China’s wildlife conservation legislation is centered around its 1988 Wildlife Protection Law. While its intentions are good, ambiguous language and goals, limited protection, and decentralized responsibility for enforcement and monitoring have made wildlife protection efforts a difficult battle for Chinese conservationists. The official position of 1988 law maintains that the principle purpose of wildlife is for human domestication and consumption. State agencies regulating domestic ivory trade have the conflicting missions of preserving traditional ivory carving heritage and cracking down on post-ban ivory products. Furthermore, captive animals are afforded almost no protection under the law, encouraging poachers and trappers to capture breed animals illegally. This also results in the inhuman standards at facilities such as bear bile and tiger farms that have been only recently come under critical scrutiny in the West.

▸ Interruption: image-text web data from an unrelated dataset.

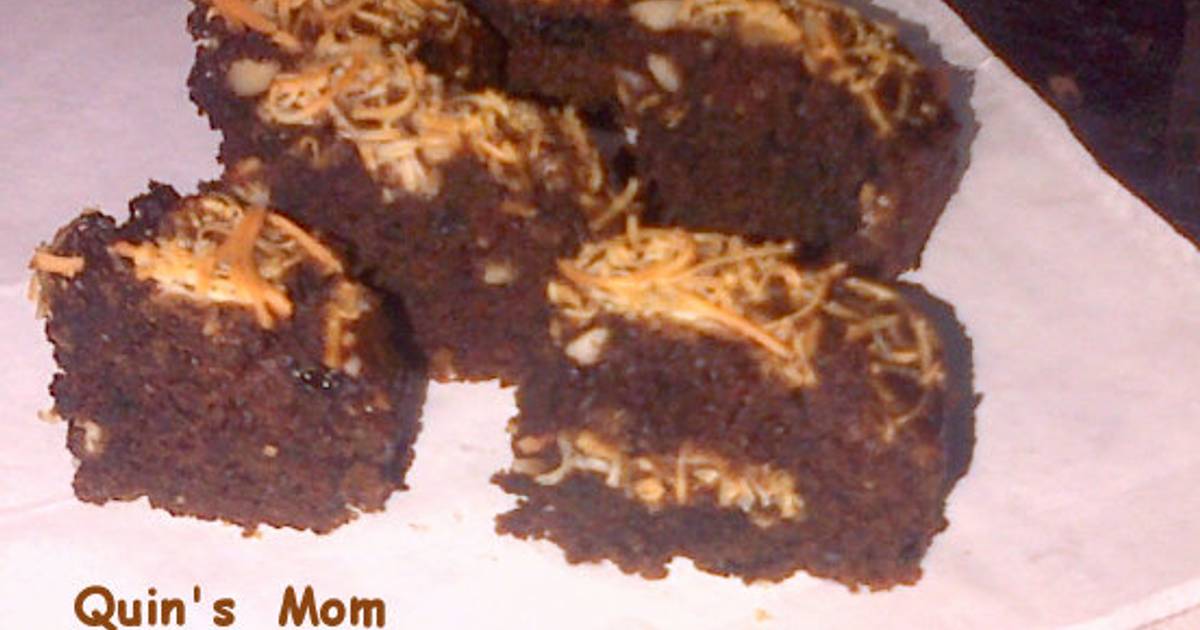 Resep Cake of Happyness :) *Iin Soegie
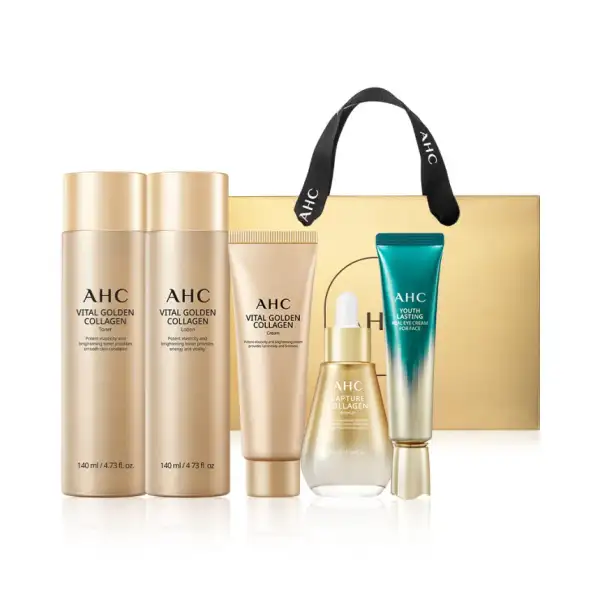 Vital Golden Collagen Youth Total Care Set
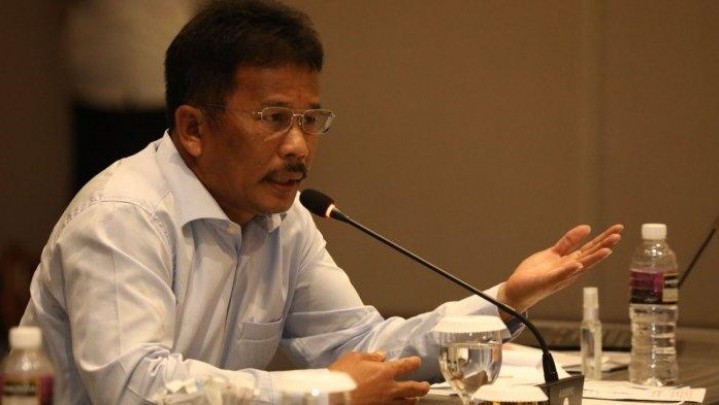 Muhammad Rudi Angkat Bicara Terkait Runtuhnya Plafon Masjid Tanjak Batam Muhammad Rudi Angkat Bicara Terkait Runtuhnya Plafon Masjid Tanjak Batam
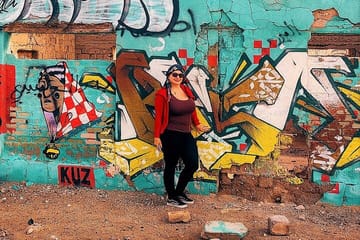 Half Day licensed Tours in Kuwait City & Desert PickUp & DropOff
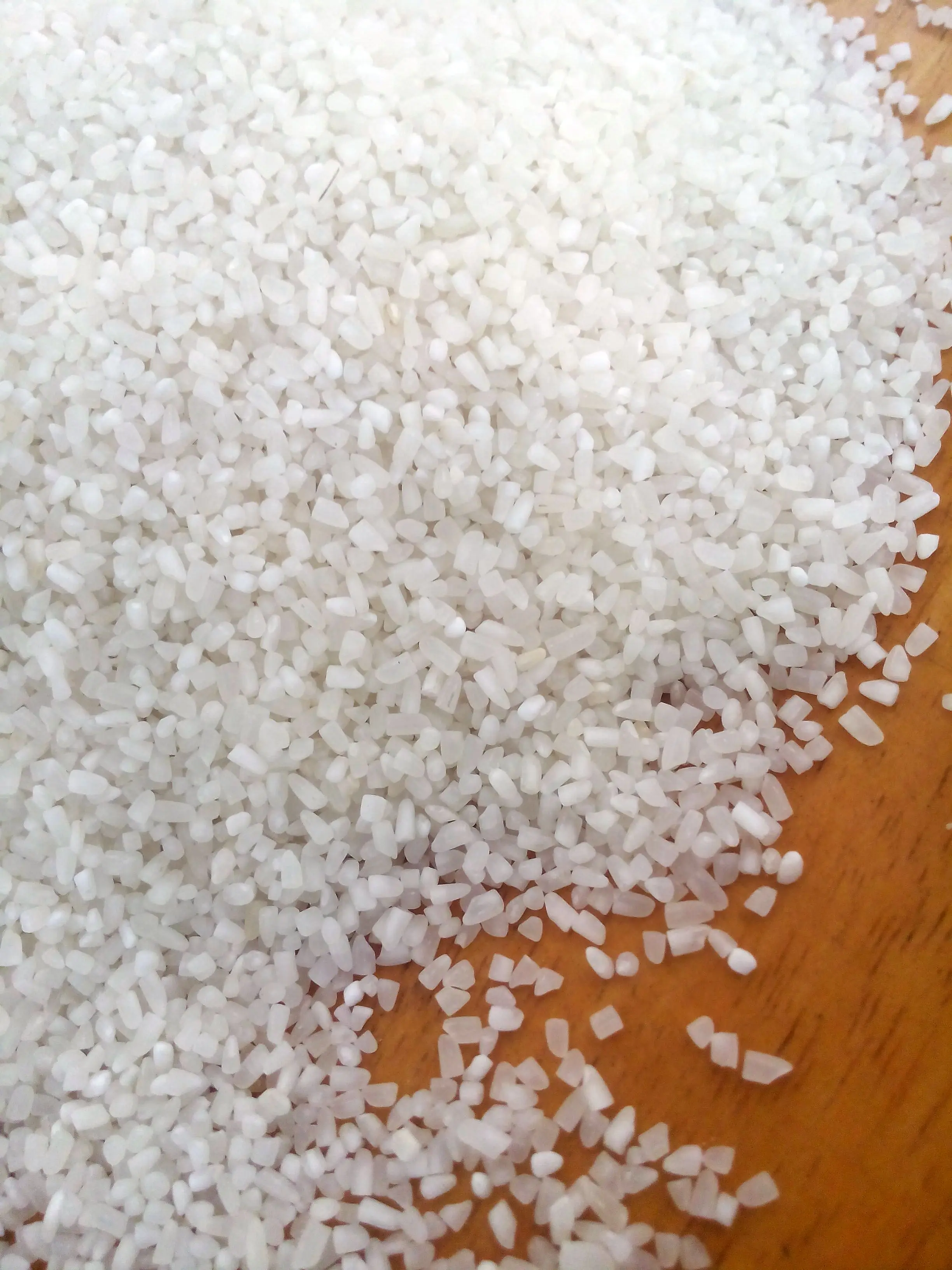 100% Broken White Rice Manufacturer And Exporter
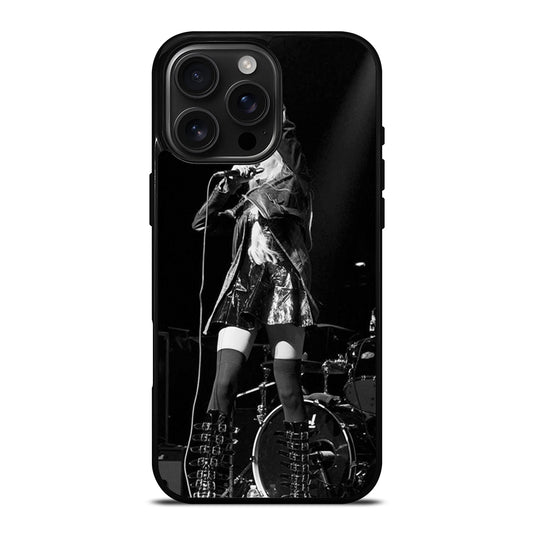 THE PRETTY RECKLESS SHOW iPhone 16 Pro Max Case Cover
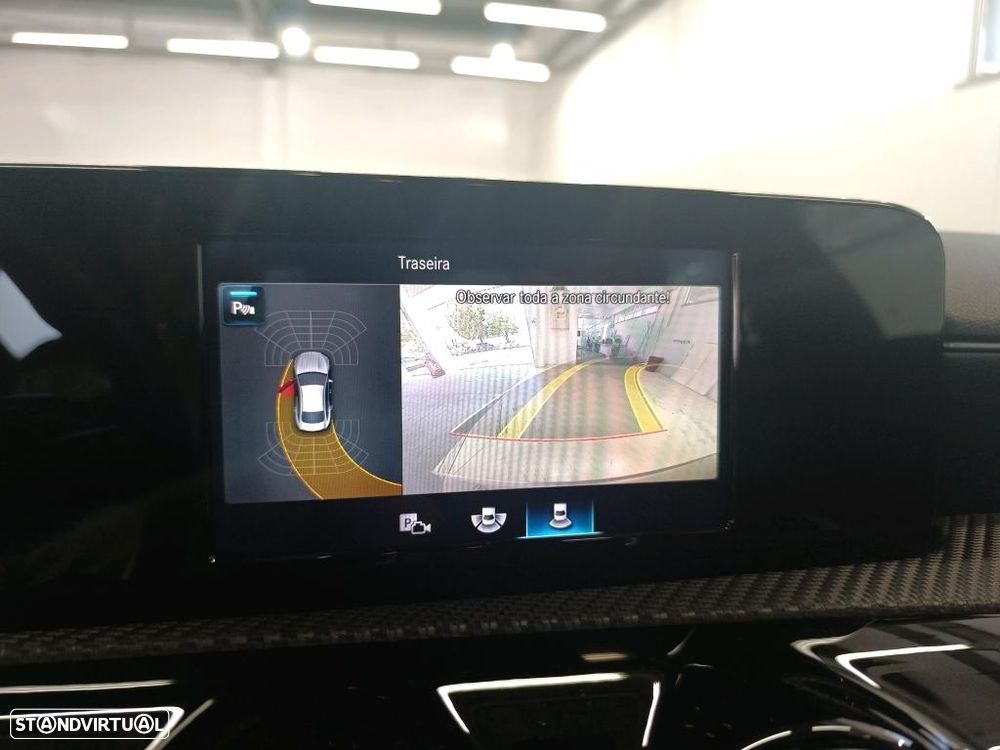 Mercedes-Benz CLA 200 d Style Aut. - 10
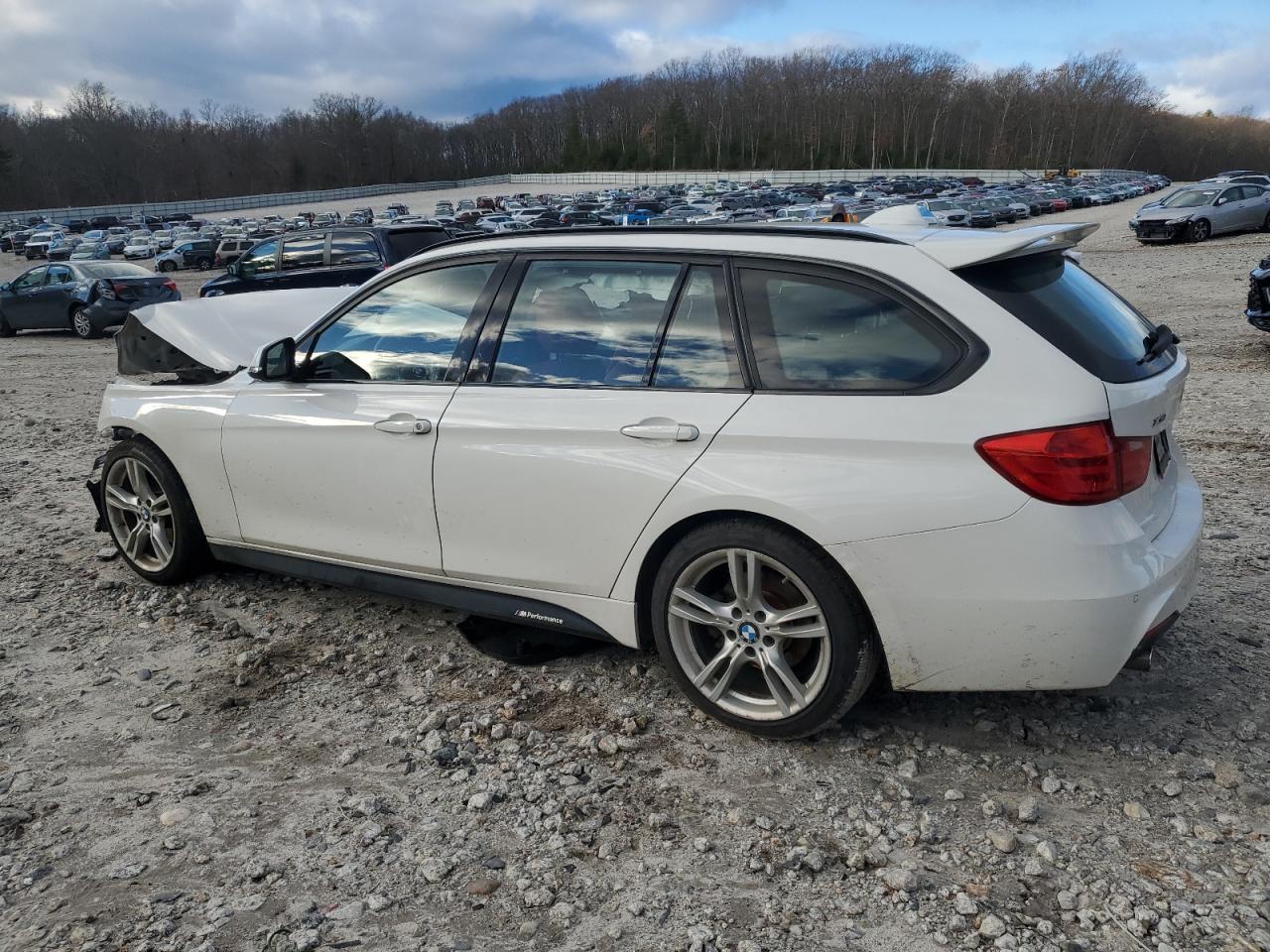 2014 BMW 3 SERIES
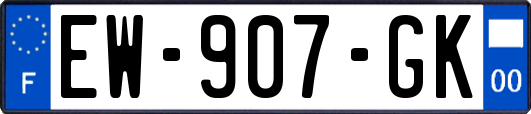 EW-907-GK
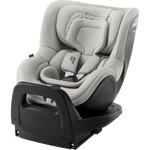 Britax Dualfix Pro M - Linen Grey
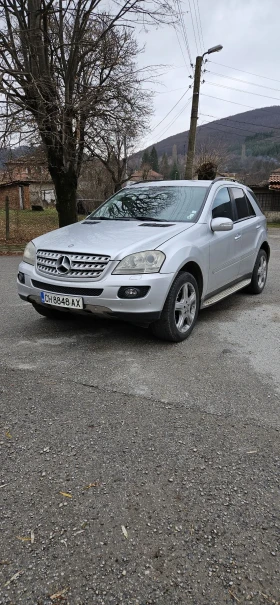 Mercedes-Benz ML 320 ML320, снимка 1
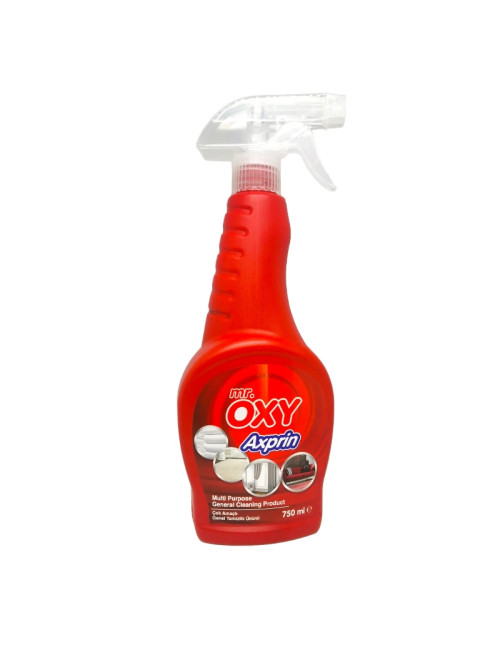 MR.OXY منظف مفروشات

Complicating enforcement further, the laws stipulate that the already cash-strapped provincial and regional governments are responsible for funding their protection campaigns and deciding the punishments for infractions. This ambiguity and lack of centralized authority can lead to lax oversight and potentially corrupt practices between enforcers and poachers. Agencies as diverse as the State Forestry Administration and the State Administration for Cultural Heritage are all designated certain specific roles in regulating the trade. Buck-passing by agencies and law enforcement with overlapping responsibilities has become commonplace in China. Ambiguous legislation and delegation of authority allow for local level officials to interpret the laws to best serve their self interests. Even though Chinese law carries some of the stiffest penalties in the world for high-order wildlife trafficking—including life imprisonment—these penalties are rarely if ever implemented.
China signed on with CITES in 1981. Currently its only major reservations include those on captive breeding. Alligator and tiger farms operate with the official purpose of re-introducing these severely endangered species into their original habitats. According to their own estimates, of the four sub-species of tiger native to the Chinese mainland, only 40 – 50 remain in the wild. In a letter to the Secretary General of the 16th Conference of the Parties in Bangkok, the director of the CITES Management authority of China states:
The policy on banning of trade in tiger bone had been implemented in China since 1993. The stockpile of tiger bones obtained before 1993 are being kept sealed and the tiger parts coming from captive bred tigers are strictly regulated.
Not only does the presence of a government sanctioned tiger product trade offer poachers legal cover, but ineffective and inconsistent certification methods often make it impossible to determine which products are indeed legal and which are not. Another study points out that, “wild-sourced parts would consistently undercut the prices of farmed tigers that could easily be laundered on a legal market.” Their survey also indicates that despite awareness of the environmental impact and the illegal status of tiger consumption, 43% of subjects had consumed products containing tiger.
It is clear that half-measures towards wildlife conservation in China have only served to further inflate the already world-leading illegal wildlife market. The legal sale of pre-ban wildlife products has provided sufficient cover in a poorly regulated domestic market to allow illegally smuggled products to supply rapidly growing demand. In China, government bans and tougher enforcement may be the only viable option for reducing illicit trade. Because of China’s particular sensitivity to its global reputation, greater international diplomatic pressure on China to clean up their markets at home should be considered.